Leaders of Native- and Black-led farmer organizations have filed a joint class action lawsuit on behalf of any “socially disadvantaged” farmer who filed for USDA debt relief included as part of the American Rescue Plan Act.

ARPA allocated $4 billion to marginalized producers to pay, in some cases, up to 120 percent of each farmer’s debt. Qualifying farmers received contracts that guaranteed them the money. Some farmers took those contracts or letters of guarantee to their loan institutions, certain their debts would be repaid.

In June 2021, white farmers in several states claimed the program was discriminatory and succeeded in receiving multiple federal court injunctions against the USDA. The resulting cases stymied the USDA’s efforts to issue the debt relief, just weeks before the first funds were scheduled to be paid, leaving producers who applied for the aid empty-handed.

Kara Boyd president of the Association of American Indian Farmers. Courtesy photoKara Boyd, president of the Association of American Indian Farmers. (Courtesy photo)“These farmers are facing foreclosures because they didn’t get help,” said Kara Boyd, president of the Association of American Indian Farmers, one of the groups involved in the new case. “They’re trying to stay afloat because they were promised help and now it may not get to them. In the meantime, they’re losing their farms.”

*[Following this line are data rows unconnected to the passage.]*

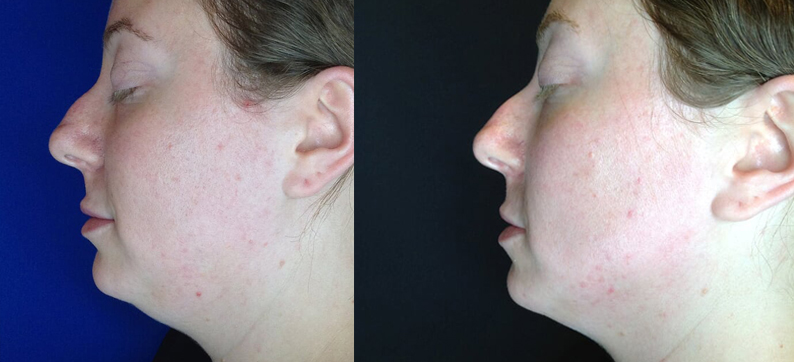 Kybella Before After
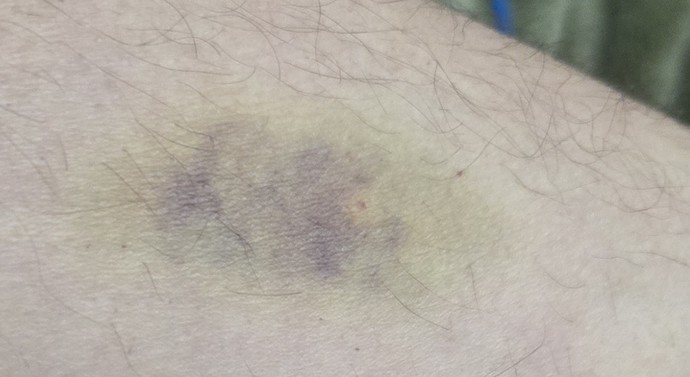 Ever been a combative patient? Restrainer? Witness? Tech did their best for blood draw but 😬 I have NEVER got upset EVER! Theyre tryin to help?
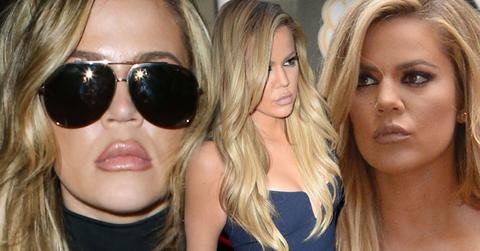 //khloe kardashian plastic surgery doctor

To work around the potential for protracted lawsuits, lawmakers repealed the funding as part of the Inflation Reduction Act, and replaced it with a $3.1 billion fund for “distressed borrowers” of USDA Farm Service Agency loans. The Inflation Reduction Act also included $2.2 billion for farmers who “have suffered discrimination” through USDA programs.

According to a report from the Center for Public Integrity, 33 percent Farm Service Agency direct loans to American Indians and Alaska Natives are delinquent as of this year. 

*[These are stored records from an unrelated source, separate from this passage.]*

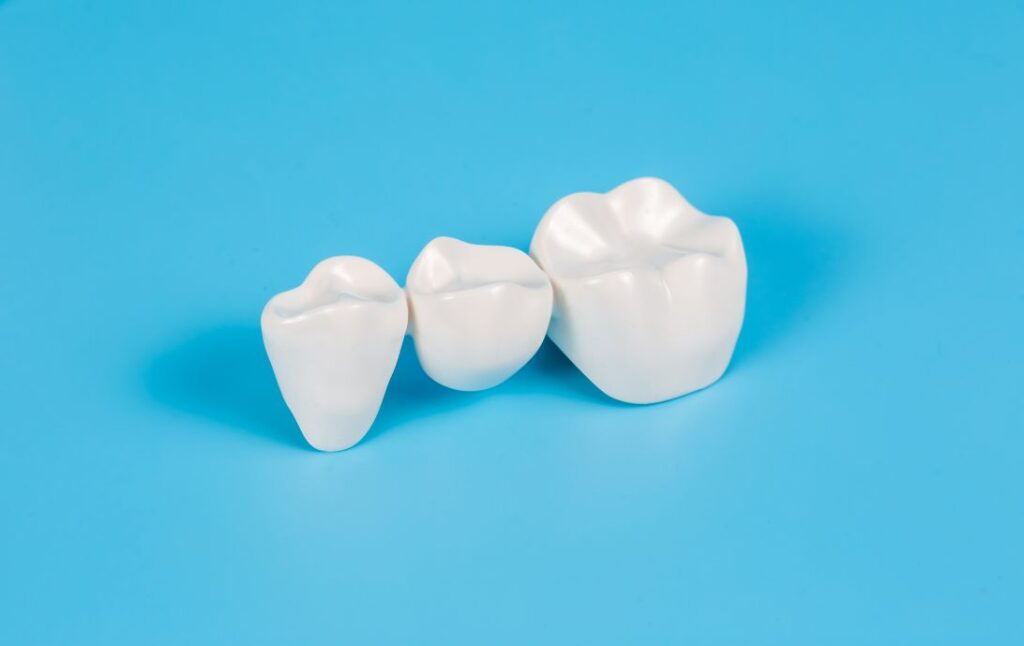how-long-will-my-dental-bridge-last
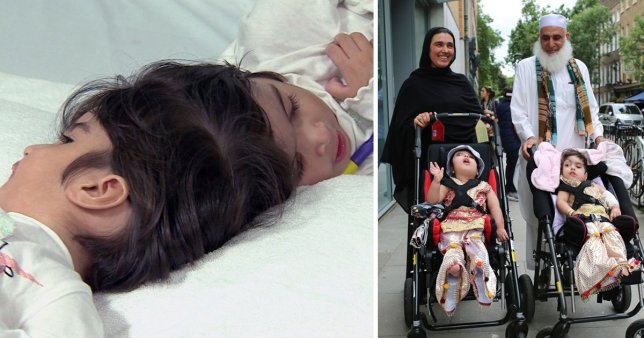 Doctors separate twins joined at the head after 50-hour surgery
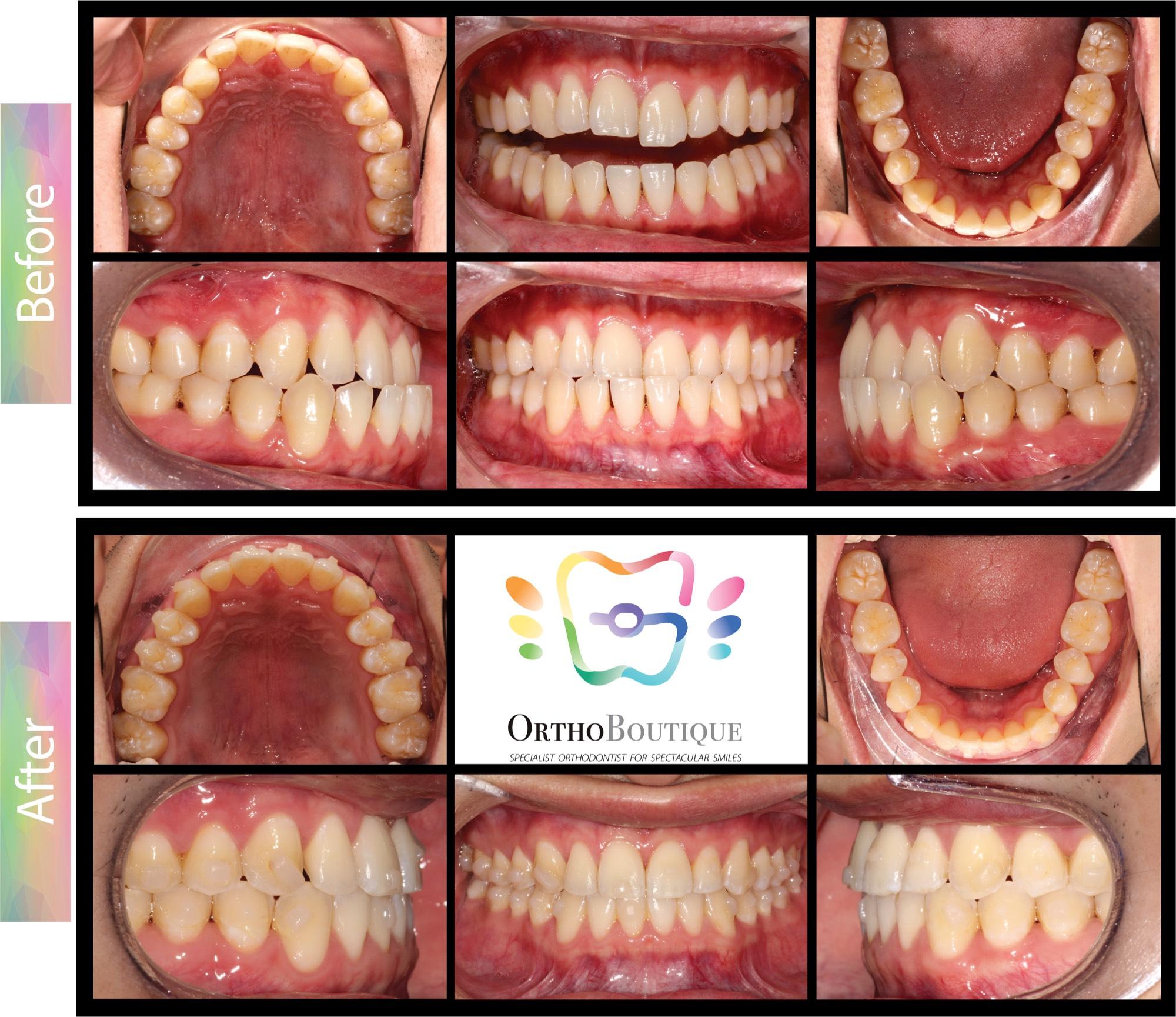 OrthoBoutique - CASE #16 Class III bite relationship, underbite, lower spacing Before and after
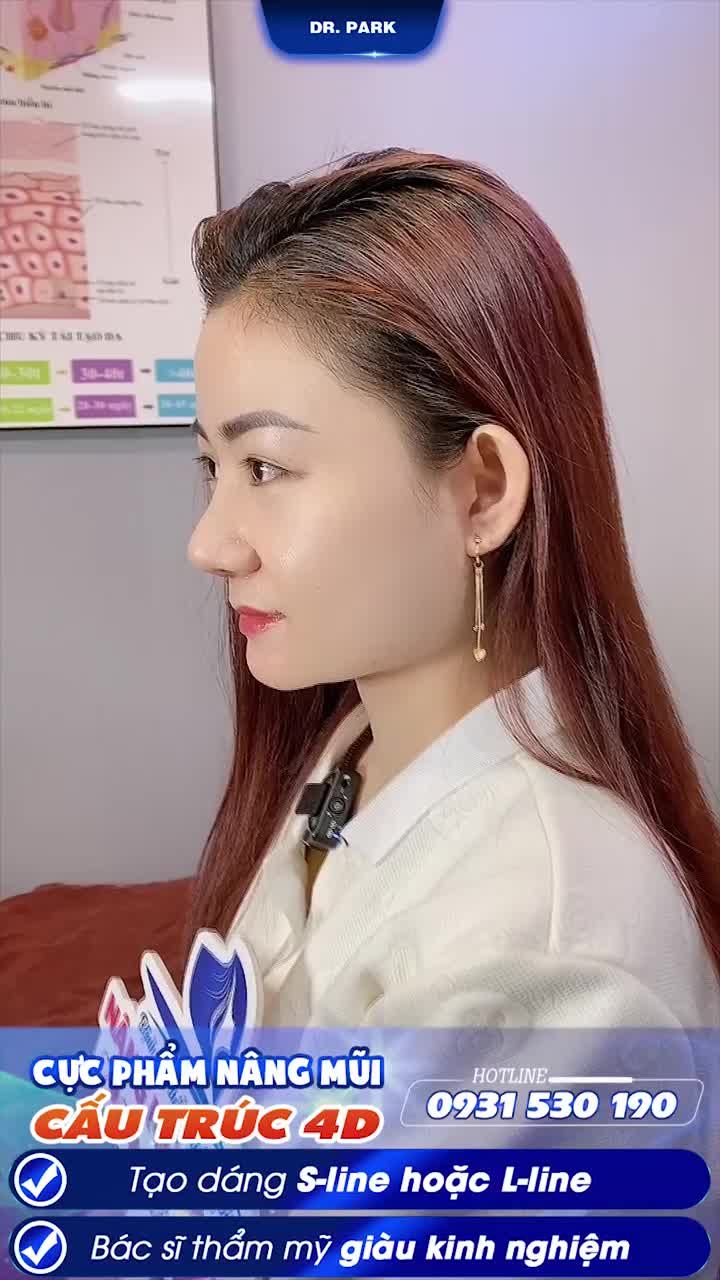 NÂNG MŨI CẤU TRÚC KHÁC GÌ SO VỚI CÁC PHƯƠNG PHÁP NÂNG MŨI KHÁC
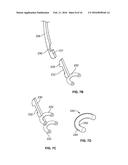 FEMORAL ACETABULAR IMPINGEMENT GUIDE diagram and image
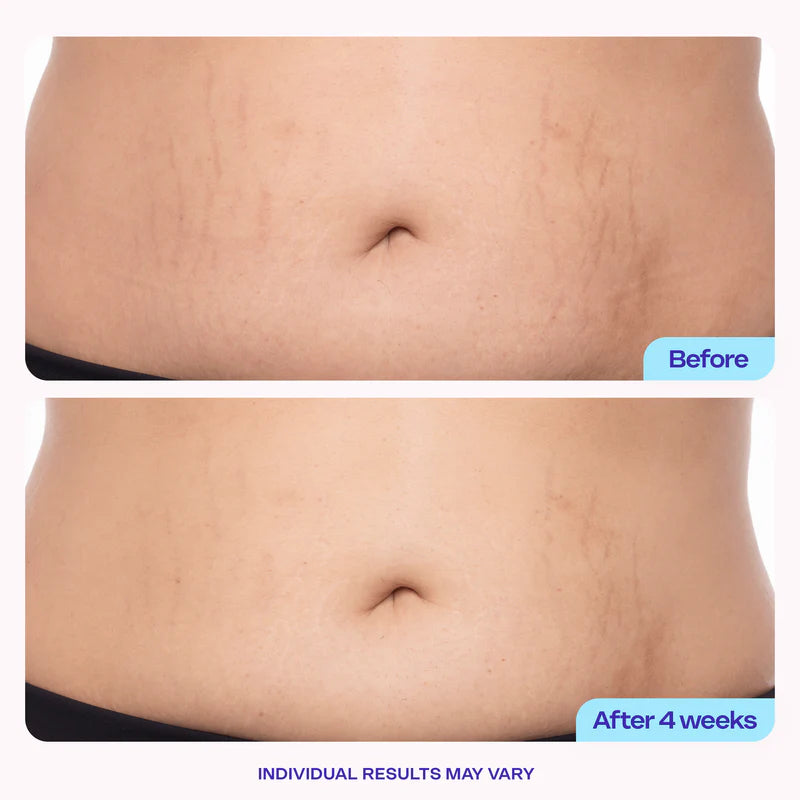 NATRAVOR® Tighten & Smooth Belly Cream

However, Boyd and other critics of the move say the broader focus of the Inflation Reduction Act funding effectively reduces the amount of money available to socially disadvantaged producers who were previously promised relief. 

The plaintiffs in the lawsuit assert that repealing the ARPA debt relief constitutes a contractual violation and damages disadvantaged farmers’ chances of receiving aid. The lawsuit aims to secure the promised 120 percent debt relief for socially disadvantaged farmers who signed contracts promising them the money.

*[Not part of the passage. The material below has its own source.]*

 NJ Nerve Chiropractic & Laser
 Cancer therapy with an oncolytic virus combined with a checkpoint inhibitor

A moratorium on farm foreclosures remains in place for loans directly offered by the USDA, but not for loans issued by other institutions that the USDA has guaranteed. That has left struggling minority farmers with the “wrong” type of loan in danger of losing everything, Boyd said. 

She recounted heard stories from marginalized producers dealing with potential foreclosures across the country. 

“Some farmers are being forced into bankruptcy, others into foreclosure or selling off land, livestock and/or equipment to make payments on loans that were paid off according to a USDA contract or letter to their guaranteed lender,” Boyd told Tribal Business News. “We have been in constant conversation with farmers from across the United States and U.S. territories trying to calm the hearts and minds of Native American, Black, Asian and other minority farmers to prevent farm foreclosures and even suicides.”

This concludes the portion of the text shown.